“No kidding?”

  “It’s what my cousin told me at the time. It was the most discreet flying visit ever. Just two cars, so as not to attract attention.”

  “That’s very odd,” Mark mumbled.

  “Well, the next part is even odder,” the musician added. Although they were now way behind the visiting foreigners, they slowed their pace even more. “The small delegation from Tirana arrived precisely at 10:00 P.M. They didn’t stop in town and went straight to the deep storage depot. And there” — the head of the music section was already speaking in a whisper, but now, so it seemed to Mark, he was almost singing a lullaby — “and there, the new head of state hunted for things until three in the morning.”

  “Well, well,” said Mark. “And then what?”

  “Aren’t you going to ask me what he was looking for?” Mark shrugged. “Well, that is the question! What was he really after? I’ve puzzled over that so many times since then! No one has the faintest idea. Nor does anyone know if he found what he was looking for. My cousin was one of the small group of local officials who escorted the head of state to the cave, and he said that when the leader came out, he looked utterly depressed.”

  The director was shouting from way up front: “Hey, you two! Get a move on, we’re on our way!”

  He sounded just a little resentful of their confabulating out of earshot, but both of them knew that the boss was so delighted to be mingling with foreigners, they could bend the rules a little without making him angry.
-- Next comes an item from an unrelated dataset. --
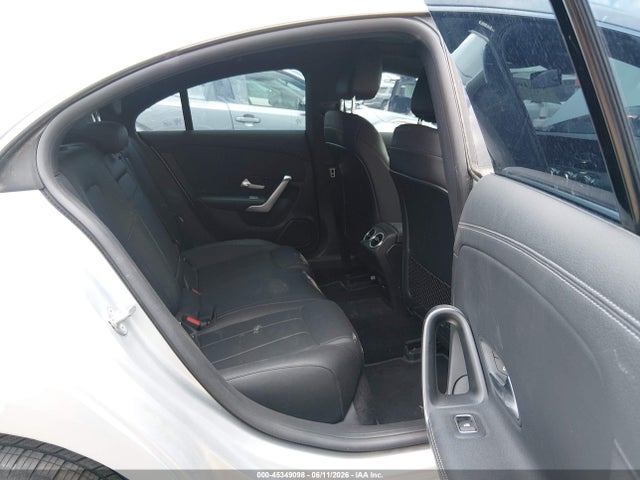 45349098 :رقم المزاد ، W1K5J4GBXMN172634 vin ، 2021 Mercedes-benz Cla 250 مزاد بيع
  “We were talking about the Kanun” the head of the music section said as he and Mark rejoined the main group.

  “Really?” The director’s face clouded over. “That’s all people are interested in these days!” he said with a kind of sadness, and turned his back on them.
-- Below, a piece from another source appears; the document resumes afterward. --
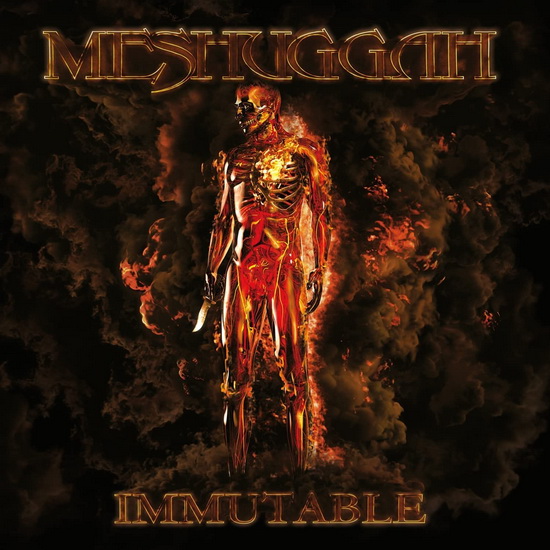 Immutable (2 Vinyle - Or) - MESHUGGAH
  It was known in B—— that the director felt let down when visitors expressed interest in the old traditions. He was anxious to get down to talking about the latest advances of human civilization, about the Internet, the common currency, anything that had to do with the future of Europe. But to his amazement, foreigners not only spoke of such things without the least passion, but also couldn’t wait to quiz him about the old Kanun. How do you account for its revival? Do Towers of Refuge still exist? Were the ancient rules going to come back in a big way?
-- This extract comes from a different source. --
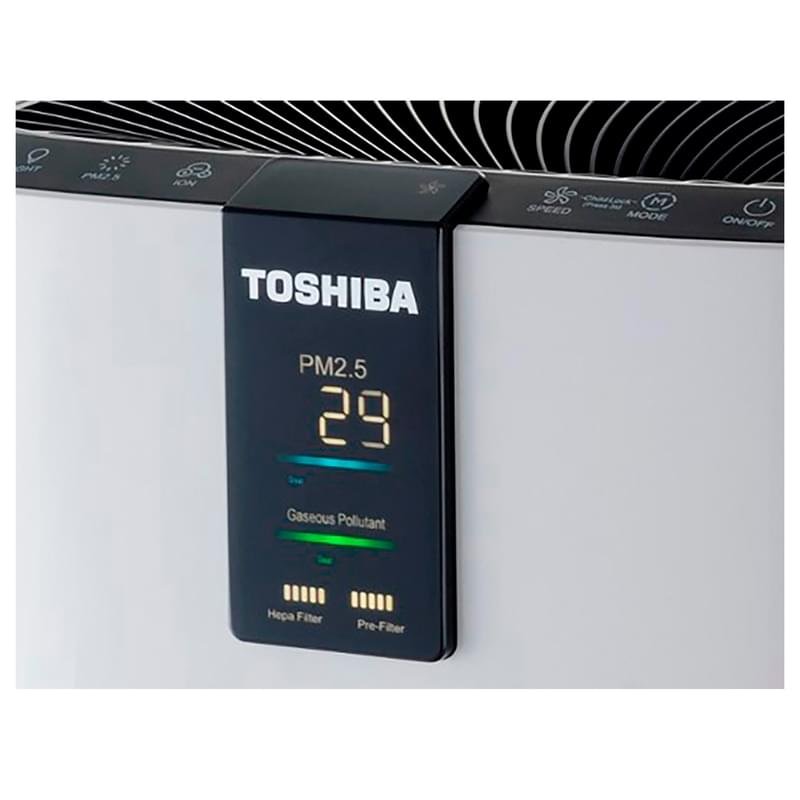 Воздухоочиститель Toshiba CAF-X116XPL - фото #5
  The two cars stopped in front of the convent. The foreigners snapped photographs of the restored gateway and walls. Once again, Mark thought he could hear that wolf in the distance. Images of his girlfriend’s armpits, of her uncle’s damaged leg, and of his much-allayed suspicion of her having had an affair in Tirana whirled about in his head.

  The road ahead of them was virtually impassable, and the director reminded everyone that they had to be back in town before nightfall. Mark happened to notice the Albanian guide and interpreter just as he was bending down to get back in the car, and it suddenly occurred to him that what the Judas people were gossiping about was perhaps none other than he. The check jacket he was wearing somehow seemed to confirm the suspicion. God knows why, but he had always imagined that spies wore clothes of that sort.

  On the way back, the cars passed by the hillside where the tunnel leading to the Secret Archives was supposed to be located. With his face pressed hard against the side window, Mark’s eyes hunted for some trace of an opening, but his breath misted up the glass. What had the head of state come to look for down in that hole? A message, a secret register, maybe his own file, kept there in case they might have to blackmail him, too? The dictator, people said, used that kind of armlock more and more as he grew old, to keep members of the Politburo totally dependent on him. So if it had seemed convenient to keep killer files on the others, it must have been even more necessary to keep information of last resort on the man who was to be his successor.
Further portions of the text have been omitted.